Today we are announcing the release in the public domain of a curated corpus containing the bibliographic references of all 225 publications reviewed or covered in the second volume of the newsletter, forming a historical record of Wikipedia research in the year 2012. This corpus can be browsed online or downloaded, ready to be imported into reference managers or other literature collections. Papers in this dataset have been marked as either open access or closed access .

Last year, we published a similar dataset for volume 1 (2011). Together, these releases complement other efforts to catalogue the research literature on Wikipedia, in particular the WikiLit project which focuses on publications until June 2011, prior to the launch of the newsletter.

Follow @WikiResearch for fresh Wikimedia research news

A year ago we launched the @WikiResearch news feed on Twitter and Identi.ca, covering new preprints, papers or research-related blog posts, before they are reviewed more fully in the Newsletter. As of February 2013, it has gained 745 followers and continues to be actively updated.

We also started offering the newsletter in form of an HTML email newsletter (in addition to the announcements of each new issue on the Wikiresearch-l mailing list, which only contain the table of contents). This experiment proved successful, too, with almost 100 subscribers to date (adding to the thousands of pageviews each issue receives when published as part of the Signpost, on Meta-wiki and on this blog). You can sign up to receive a copy of each new issue in your inbox as soon as it comes out.

The Newsletter is a collaborative effort and would not exist without the following 22 people who contributed reviews and summaries in 2012:

More than half of our contributors are researchers themselves, who have published about Wikipedia in peer-reviewed publications. We are also grateful for the help of several Signpost collaborators in copyediting and preparing the final publication every month.

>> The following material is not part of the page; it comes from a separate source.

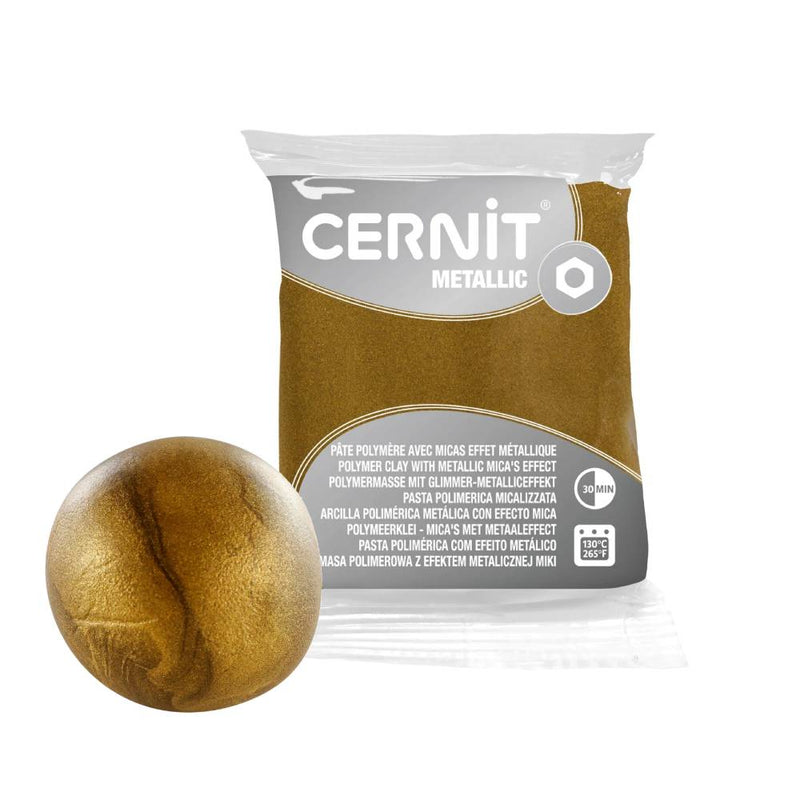 pasta polimérica metálica 56 g cernit dorado antiguo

Finally, thanks to everyone for reading the Wikimedia Research Newsletter, and please
consider contributing by pointing us to new research we should cover, or by volunteering to review new publications.

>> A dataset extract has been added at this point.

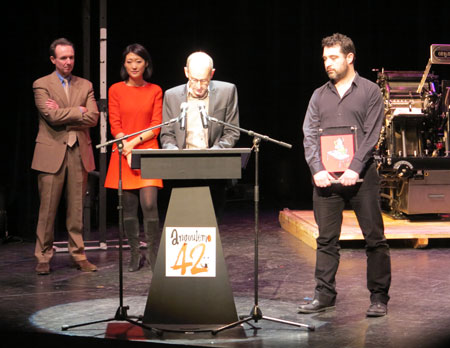 Riad Sattouf et "L'Arabe du futur" couronnés à Angoulême 2015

The editors of the Wikimedia Research Newsletter:

Tilman Bayer, Senior Operations Analyst
Dario Taraborelli, Senior Research Analyst

# Wikimedia Research Newsletter, January 2013

Vol: 3 • Issue: 1 • January 2013

Lessons from the research literature on open collaboration; clicks on featured articles; credibility heuristics

With contributions by: Taha Yasseri, Piotrus, Aaron Shaw, Tbayer and Lui8E

### Lessons from the wiki research literature in “American Behavioral Scientist” special issue

A special issue of the American Behavioral Scientist is devoted to “open collaboration”.

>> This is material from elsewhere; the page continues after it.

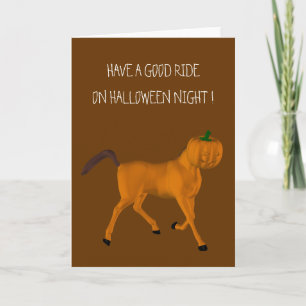 Carte Cheval d'Halloween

• Consistent patterns found in Wikipedia and other open collaborations: In the introductory piece[1], researchers Andrea Forte and Cliff Lampe give an overview of this field, defined as the study of “distributed, collaborative efforts made possible because of changes in information and communication technology that facilitate cooperative activities” – with open source projects and Wikipedia among the most prominent examples. They point out that “[b]y now, thousands of scholars have written about open collaboration systems, many hundreds of thousands of people have participated in them, and millions of people use products of open collaboration every day.” Among their “lessons from the literature”, they name three “consistent patterns” found by researchers of open collaborations:
• “Participation Is Unequal” (meaning that some participants contribute vastly more than others: “In Wikipedia, for example, it has long been shown that a few editors provide the bulk of contributions to the site.”)
• “There Are Special Requirements for Socializing New Users”
• “Users Are Massively Heterogeneous in Both How and Why They Participate”
• “Ignore All Rules” as “tension release mechanism”: The abstract of paper titled “Rules and Roles vs. Consensus: Self-Governed Deliberative Mass Collaboration Bureaucracies” [2] explains “Wikipedia’s unusual policy, ignore all rules (IAR)” as a “tension release mechanism” that is “reconciling the tension between individual agency and collective goals” by “[supporting] individual agency when positions taken by participants might conflict with those reflected in established rules. Hypotheses are tested with Wikipedia data regarding individual agency, bureaucratic processes, and IAR invocation during the content exclusion process. Findings indicate that in Wikipedia each utterance matters in deliberations, rules matter in deliberations, and IAR citation magnifies individual influence but also reinforces bureaucracy.”
• Collaboration on articles about breaking news matures more quickly: “Hot Off the Wiki: Structures and Dynamics of Wikipedia’s Coverage of Breaking News Events”[3] analyzes “Wikipedia articles about over 3,000 breaking news events, [investigating] the structure of interactions between editors and articles”, finding that “breaking articles emerge into well-connected collaborations more rapidly than nonbreaking articles, suggesting early contributors play a crucial role in supporting these high-tempo collaborations.” (see also our earlier review of a similarly-themed paper by the same team: “High-tempo contributions: Who edits breaking news articles?“)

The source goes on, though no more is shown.